_MATERIAL SUPPLIED_
-=-=-
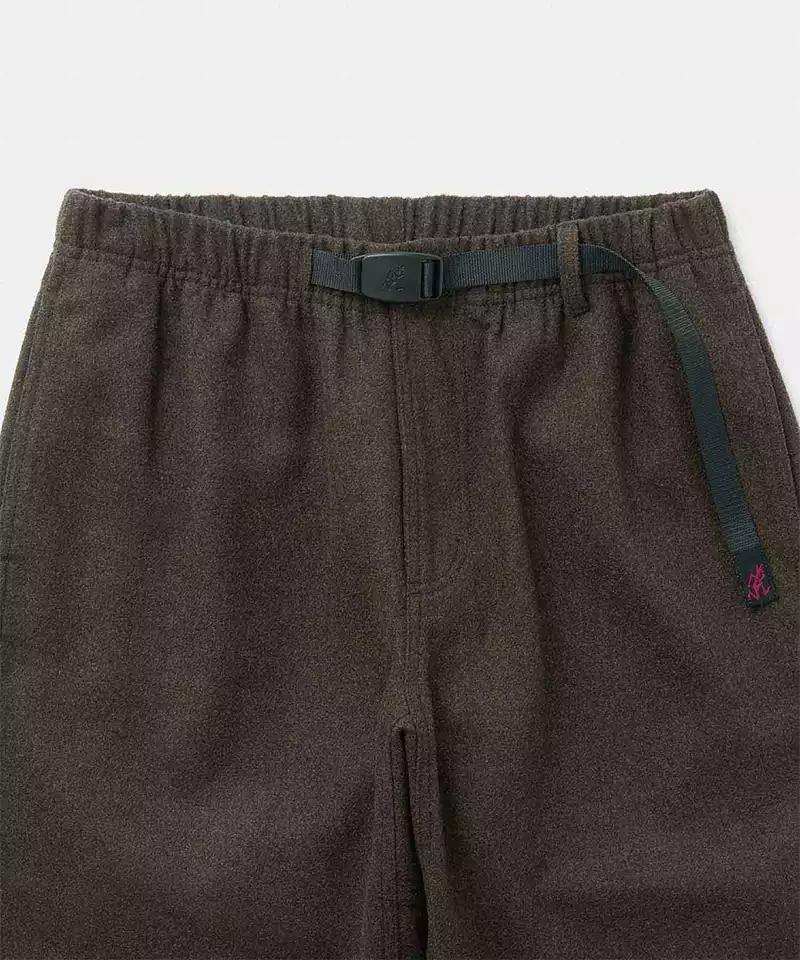 Wool Gramicci Pant Male Product Image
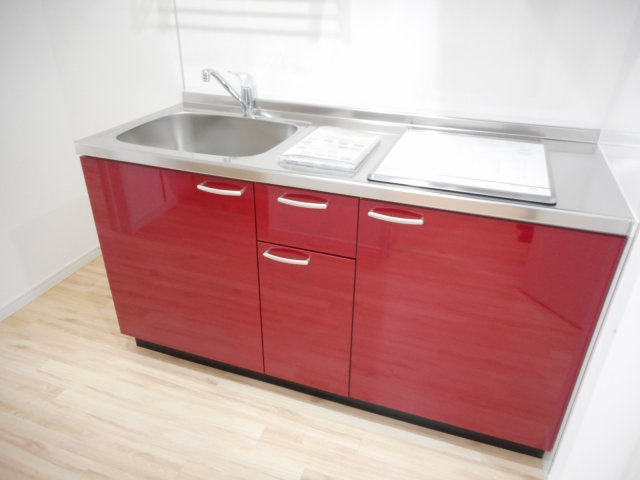 シャルロットのキッチン|キッチンでお料理をお楽しみください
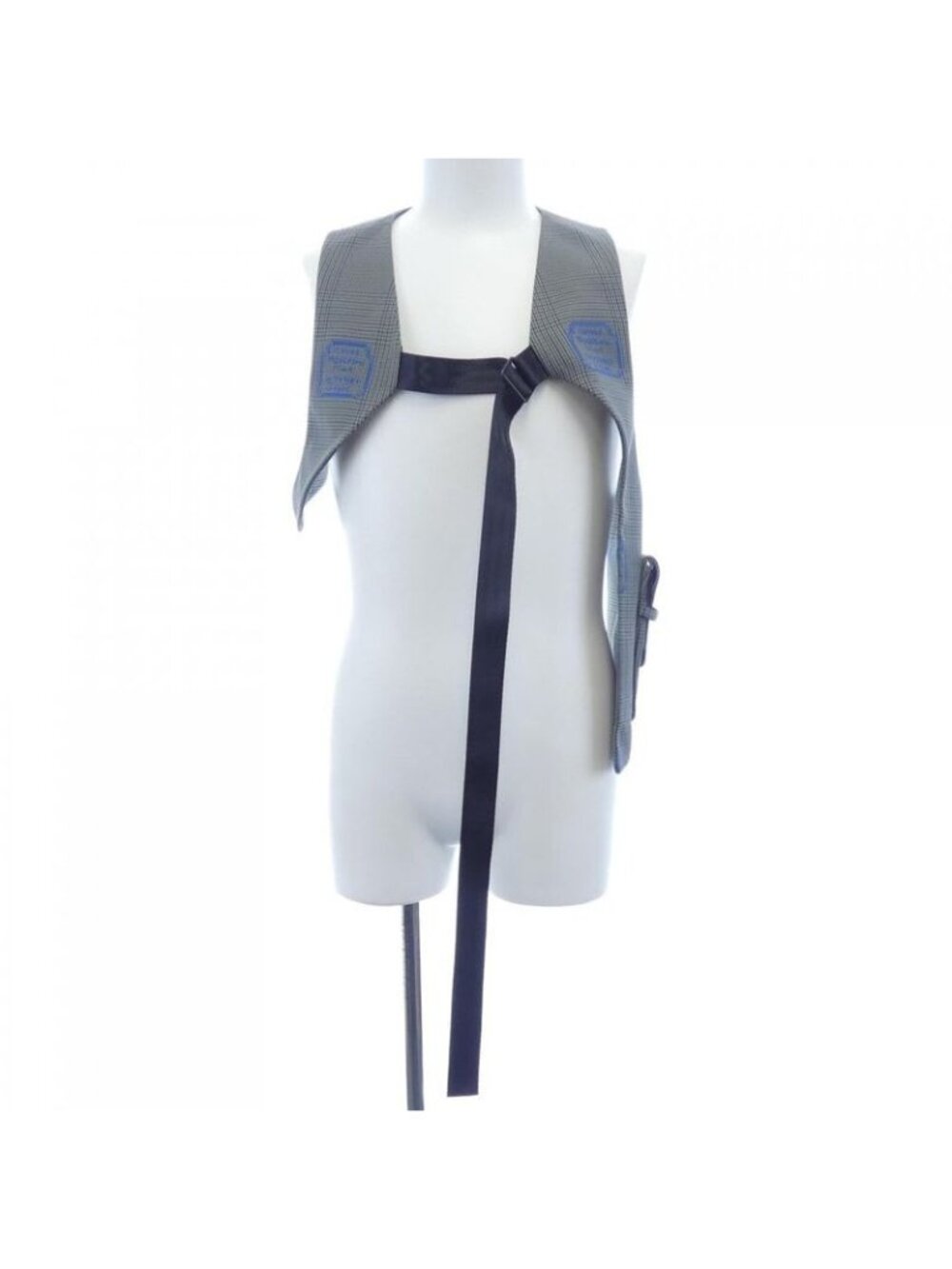 Louis Vuitton Hifg 3 Wsqu Vest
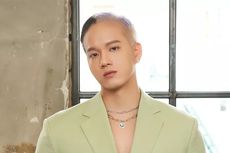 Peniel BTOB Rehat Sementara Setelah Alami Cedera Tendon Achilles 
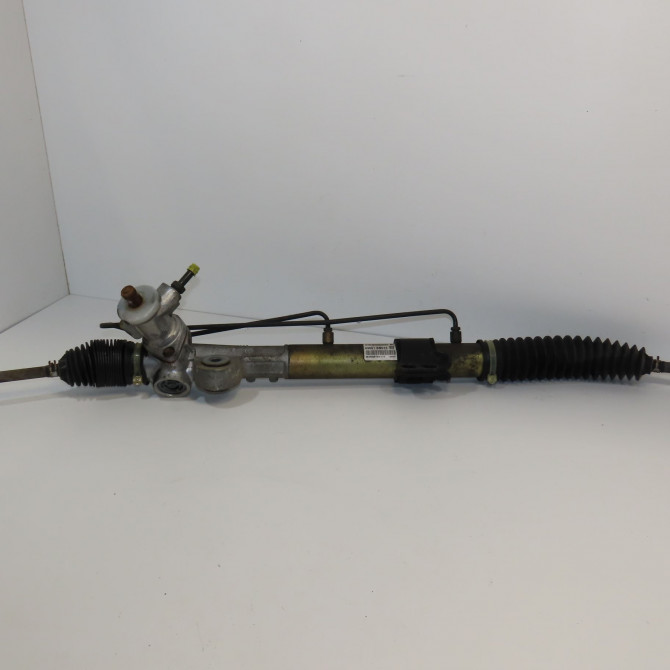 Cremaillere hydraulique occasion NISSAN ALMERA II Phase 2 09-2002->12-2005 49001BN01A 1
-=-=-
_TASK TO CARRY OUT_
An exact copy is needed of the lines running from the one with "Peniel BTOB Rehat" through the end of the data above, and of those lines only, without pictures.

_FINISHED EXERCISE_
 Peniel BTOB Rehat Sementara Setelah Alami Cedera Tendon Achilles 
 Cremaillere hydraulique occasion NISSAN ALMERA II Phase 2 09-2002->12-2005 49001BN01A 1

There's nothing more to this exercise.